Affiliated Computer Services (ACS)
SSG and PERT A (11-24-2004) | Google “Stocks: ACS” | Company Website
The Affiliated Computer Services stock selection guide has been updated. Here are the highlights.
Quality. Section 1 of the SSG (the graph on page one), shows consistent growth. For ACS, the correlation coefficient (r^2) is 1.0 for earnings and .95 for sales. This is quite good. Looking at Section 2 of the SSG, the pre-tax profit margin is trending up and return on equity is even. These are both indicators of consistency and excellent management. Overall, ACS is a high quality company.

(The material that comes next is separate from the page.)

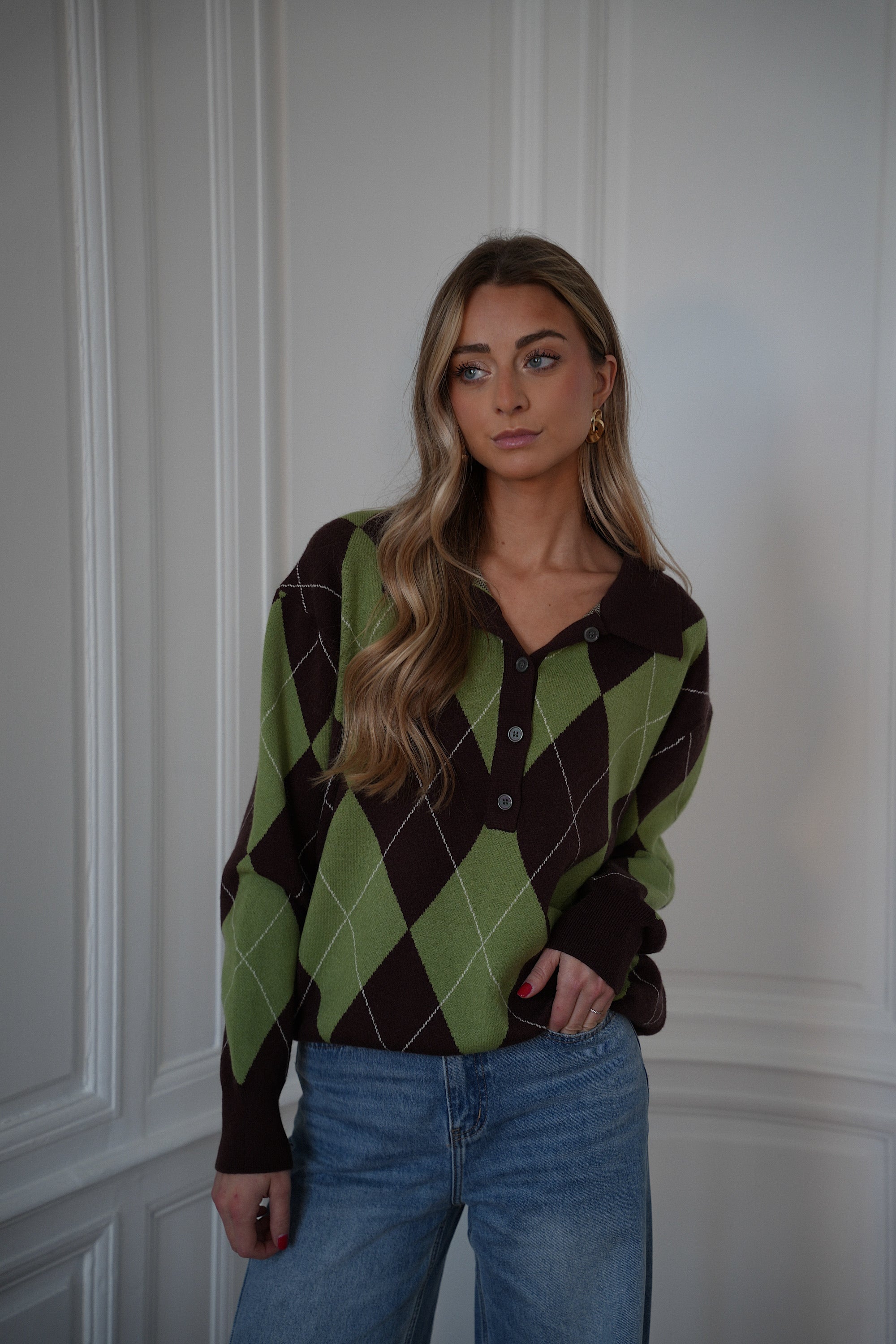 Solan vert - Pull losanges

Growth. Historically, ACS has had very strong growth. It is a little tricky to estimate future ACS growth since recent financial statement reflect the divestiture of most of ACS’ government business and the acquisition of some new businesses. The management discussion in the current 10Q discusses internal revenue growth (measured as total revenue growth less acquired revenue from acquisitions and revenues from divested operations). After excluding the impact of the revenues related to the 2004 divestitures, revenues in the current quarter increased 22%. Internal revenue growth accounted for 11% of the 22%. The above SSG uses a revenue growth of 15.8% based on Value Line.
Valuation. Using the “preferred proceed” in the SSG, the projected 5-yr EPS is $5.88. (See SSG for pre-tax margin, tax rate and shares outstanding.)
The projected average return over five years is 14.5%. Here is how it is calculated:
Projected Avg Return = [(117.01 / 59.53) ^ (1/5) – 1] * 100 = 14.5%
Note: The Toolkit software does this automatically. Reviewing the calculations makes it easier to understand the results.
Summary. ACS (currently $59.53) is in the “buy” range. The upside-downside ratio is 3.9 to 1. The relative value is 100.